Sen. Heidi Heitkamp (D-ND) announced plans Wednesday to meet Supreme Court nominee Judge Brett Kavanaugh, ending speculation she might join fellow Democrats in denying Kavanaugh that traditional courtesy.
“I’ll meet with Judge Kavanaugh on August 15 to sit down with him and learn more about him, his judicial record, and his judicial temperament,” Heitkamp told the Washington Examiner in a statement, continuing:
I’ll also need to see his hearing before the Senate Judiciary Committee as part of a thorough and exhaustive review – which is what every senator should do when evaluating a lifetime appointment to the Supreme Court. As I’ve continued to say, one of the most important jobs of any U.S. senator is to fully vet any nominee to serve on the Supreme Court, the highest court in our land. And that’s exactly what I plan to do, just as I have for other Supreme Court nominees, including Justice Gorsuch.
The announcement bucks a current of strategy among some Senate Democrats and the wider political left to portray Kavanaugh’s nomination as an extraordinary threat and him as an “extremist” that must not be even entertained.
In the first two weeks after his nomination to replace retiring Justice Anthony Kennedy, no Democrats made efforts to meet with Kavanaugh. After President Donald Trump’s White House began to apply pressure on Democrats to change course, Sen. Joe Manchin (D-WV) met with the nominee Monday. Sen. Joe Donnelly (D-IN) agreed Tuesday to follow Manchin’s lead after his Republican opponent in November’s election, Mike Braun, criticized him for giving Kavanaugh a cold-shoulder in a Breitbart News report.

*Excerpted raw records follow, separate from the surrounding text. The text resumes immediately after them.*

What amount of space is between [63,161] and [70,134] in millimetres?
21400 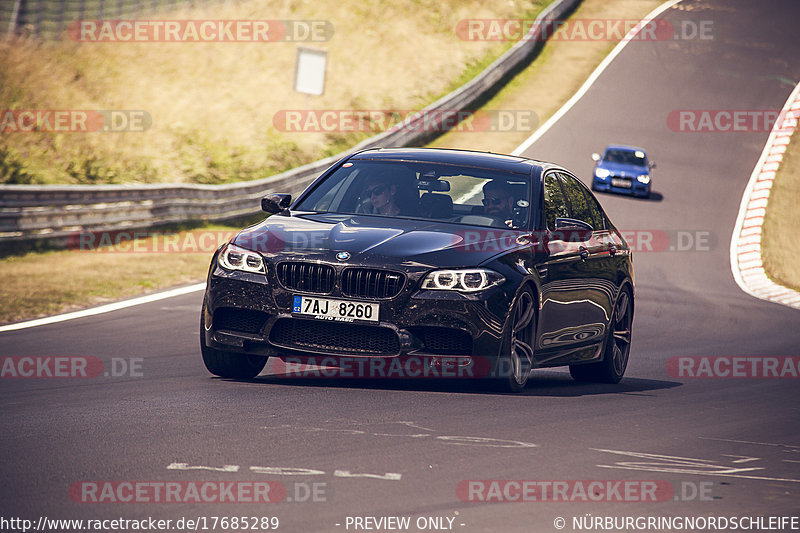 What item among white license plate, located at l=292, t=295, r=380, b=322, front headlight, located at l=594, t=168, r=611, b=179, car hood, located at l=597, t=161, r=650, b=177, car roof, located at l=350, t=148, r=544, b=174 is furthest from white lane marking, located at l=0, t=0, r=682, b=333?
car hood, located at l=597, t=161, r=650, b=177

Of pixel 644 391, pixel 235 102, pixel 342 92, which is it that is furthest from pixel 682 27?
pixel 644 391

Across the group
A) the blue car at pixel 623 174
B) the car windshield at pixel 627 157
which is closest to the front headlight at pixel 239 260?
the blue car at pixel 623 174

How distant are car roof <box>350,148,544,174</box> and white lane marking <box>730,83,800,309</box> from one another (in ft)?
37.6

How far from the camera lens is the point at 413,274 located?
774cm

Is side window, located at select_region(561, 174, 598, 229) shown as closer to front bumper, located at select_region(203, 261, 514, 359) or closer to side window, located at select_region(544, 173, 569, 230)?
side window, located at select_region(544, 173, 569, 230)

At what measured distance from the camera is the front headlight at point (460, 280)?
7766mm

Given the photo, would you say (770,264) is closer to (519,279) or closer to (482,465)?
(519,279)

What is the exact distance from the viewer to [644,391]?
9.81 meters

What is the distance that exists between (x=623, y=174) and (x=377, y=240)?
78.7ft

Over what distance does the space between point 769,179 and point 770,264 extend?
35.6 feet

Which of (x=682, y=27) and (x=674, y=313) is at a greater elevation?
(x=682, y=27)

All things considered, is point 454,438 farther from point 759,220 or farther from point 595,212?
point 759,220

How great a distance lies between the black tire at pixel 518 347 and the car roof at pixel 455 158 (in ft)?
4.31

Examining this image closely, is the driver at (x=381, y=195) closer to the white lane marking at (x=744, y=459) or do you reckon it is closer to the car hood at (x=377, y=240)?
the car hood at (x=377, y=240) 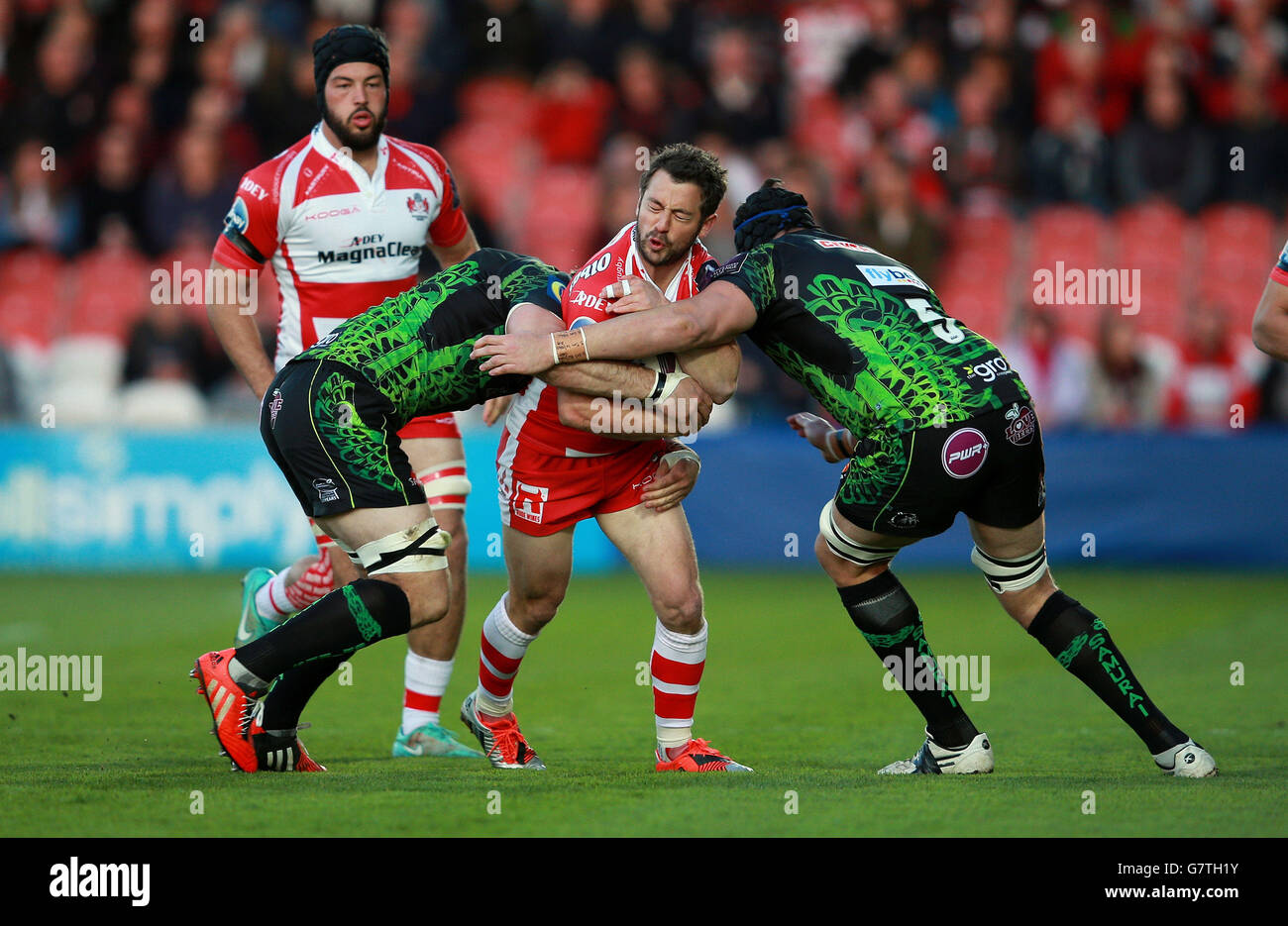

Like Manchin and Donnelly, Heitkamp faces a contentious election in less than 100 days in a state Donald Trump won by a significant margin in the 2016 presidential race. Knowing that perceived hostility to Trump’s judicial nominations could be provide these and other red-state Democrats’ Republican opponents with campaign ammunition, Senate Majority Leader Mitch McConnell has threatened to delay a vote on Kavanugh right up to election eve if Democrats take too obstructionist an approach. McConnell’s threat came after his counterpart, Minority Leader Chuck Schumer (D-NY), began the push to force the release of potentially hundreds of thousands of pages of documents from Kavanaugh’s days in the George W. Bush White House and as an assistant to Independent Counsel Ken Starr in the 1990s.
Heitkamp, facing a credible election threat from Rep. Kevin Cramer (R-ND) , has kept her options open on how to handle the nomination, refusing to join co-partisans who are more secure of re-election in announcing they will vote to block Kavanaugh.
In an exclusive Breitbart News interview last month, Cramer speculated that Heitkamp would eventually vote to confirm whomever President Trump nominated to the high court. “North Dakotans would not tolerate a liberal Supreme Court justice. I think Sen. Heitkamp is an automatic [yes] for anyone that Donald Trump puts up,” he said. “She has no choice but to support whoever he puts up.”
The North Dakota Republican Party saw the announcement through the lens of Schumer’s reported inistance red-state Democrats simple delay their decision on Kavanaugh as long as possible. “Caught in a no-win situation, Heidi Heitkamp is taking Chuck Schumer’s advice at the expense of North Dakotans, who want to see Judge Kavanaugh confirmed to the Supreme Court,” North Dakota GOP Spokesman Jake Wilkins said in a statement. “Heitkamp likes to talk about how independent she is, but on the issues that matter most, Heitkamp is just another loyal foot soldier in Chuck Schumer’s band of Washington obstructionists.”